Warna tanah tersebut coklat sangat gelap (7,5YR 2,5/2), atau hitam (10YR 3/2), reaksi gambut di lapang termasuk masam-sangat masam (pH 4,5-6,0). Kandungan basa-basa (hara) rendah (total kation: 1-6 me/100 g tanah), dan kejenuhan basanya juga rendah (KB: 3-10%). Sebagian gambut di Lebak Dalam, mempunyai tingkat dekomposisi bahan gambut tengahan, yaitu gambut hemik. Warnanya relatif sama, coklat sangat gelap atau hitam, reaksi tanah masam (pH 6,0), dan kesuburan tanah masih termasuk rendah. Dalam klasifikasi Taksonomi Tanah (Soil Survey Staff, 1999), tanah-tanah tersebut masuk dalam ordo Histosols, dalam tingkat (subgrup) Typic/Hemic Haplosaprists, Terric Haplosaprists, dan Terric Haplohemists.Tanah gambut, sebagai Haplosaprists dangkal (antara 50-100 cm), sebagian ditemukan di lebak tengahan, dan sebagai Haplohemists dan Haplosaprists dangkal umumnya lebih banyak ditemukan di bagian lebak dalam.
Tanah Mineral yang menyusun lahan rawa lebak, hampir seluruhnya berkembang atau terbentuk dari bahan endapan sungai. Tetapi di wilayah peralihan antara zona II (lahan rawa pasang surut air tawar) dan zona III (lahan rawa lebak), di bagian bawah profil tanah lebak ditemukan lapisan yang mengandung bahan sulfidik (pirit).
Tanah yang mengandung lapisan bahan sulfidik, dengan sendirinya termasuk tipologi lahan rawa pasang surut yang disebut Lahan Potensial. Berdasarkan letak kedalaman bahan sulfidik dari permukaan tanah, dikenal Lahan Potensial-1, jika kedalaman lapisan bahan sulfidik lebih dari 100 cm, dan Lahan Potensial-2, jika kedalaman lapisan bahan sulfidik terletak antara 50-100 cm. Pengelolaan dan penataan lahan yang mengandung bahan sulfidik harus lebih berhati-hati, dan pemanfaatannya untuk pertanian harus mengikuti system penataan lahan yang berlaku untuk lahan pasang surut dan Secara umum, pengelolaan lahan untuk tanah mineral yang berbahan induk bahan endapan sungai, lebih mudah karena bebas dari bahan sulfidik.
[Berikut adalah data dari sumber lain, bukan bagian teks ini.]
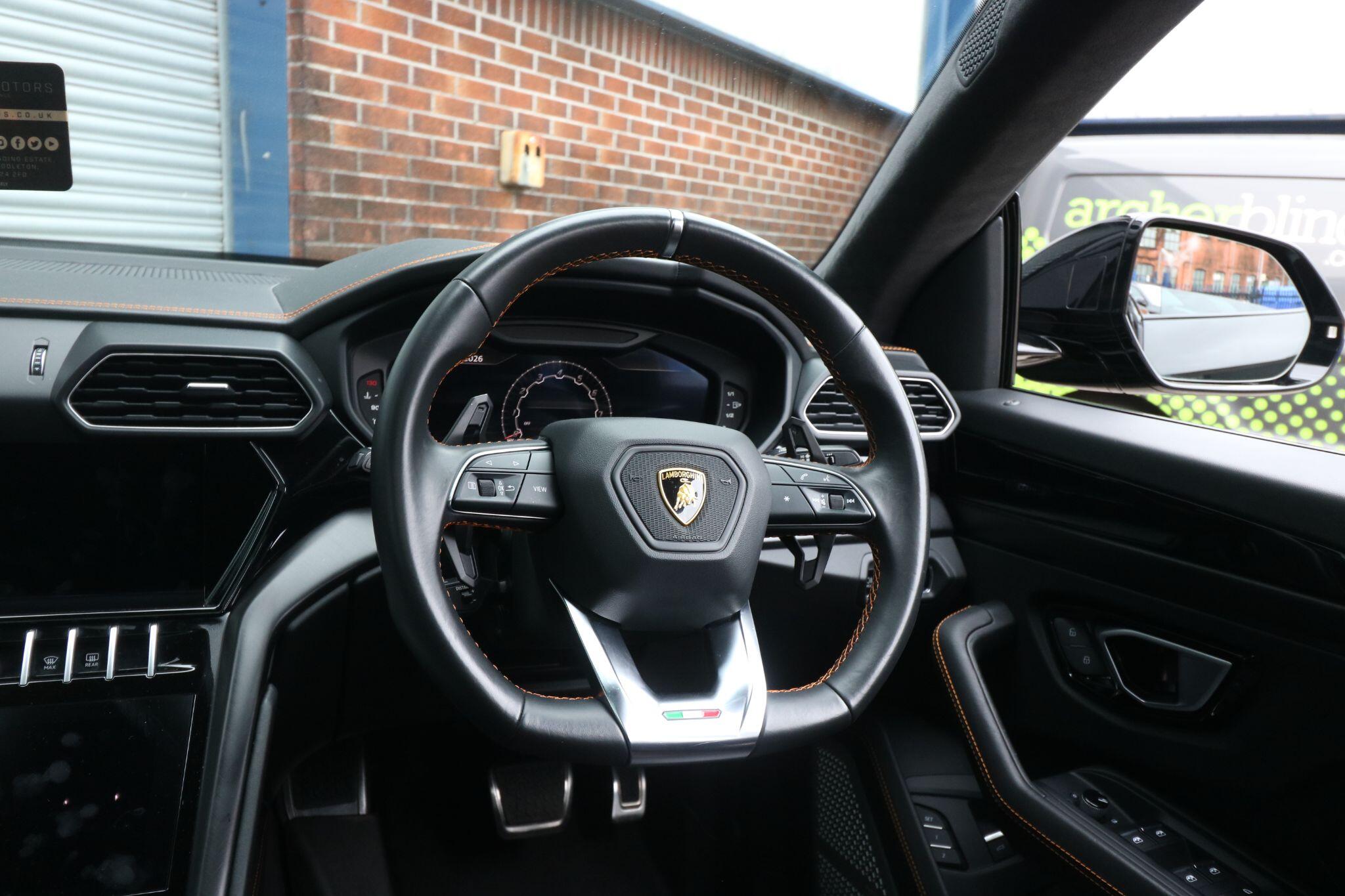 Lamborghini Urus view 22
Dalam Taksonomi Tanah (Soil Survey Staff, 1999), tanah mineral pada lahan lebak termasuk dalam ordo Entisols dan Inceptisols. Oleh karena termasuk “tanah basah” (wetsoils), semuanya masuk dalam subordo Aquents, dan Aquepts. Klasifikasi lebih lanjut pada tingkat subgrup, baik untuk Lahan Potensial-1 dan Lahan Potensial-2 maupun Tanah Rawa Lebak normal dan Tanah Mineral Bergambut.
Tanah-tanah mineral yang menempati lebak pematang, umumnya termasuk Inceptisols basah, yakni (subgrup) Epiaquepts dan Endoaquepts, dan sebagian Entisols basah yaitu Fluvaquents. Pada lebak tengahan, yang dominant adalah Entisols basah, yakni Hydraquents dan Endoaquents, serta sebagian Inceptisols basah, sebagai Endoaquepts. Kadang ditemukan gambut-dangkal, yakni Haplosaprists. Pada wilayah lebak dalam yang air genangannya lebih dalam, umumnya didominasi oleh Entisols basah, yakni Hydraquents dan Endoaquents, serta sering dijumpai gambut-dangkal, Haplohemists dan Haplosaprists.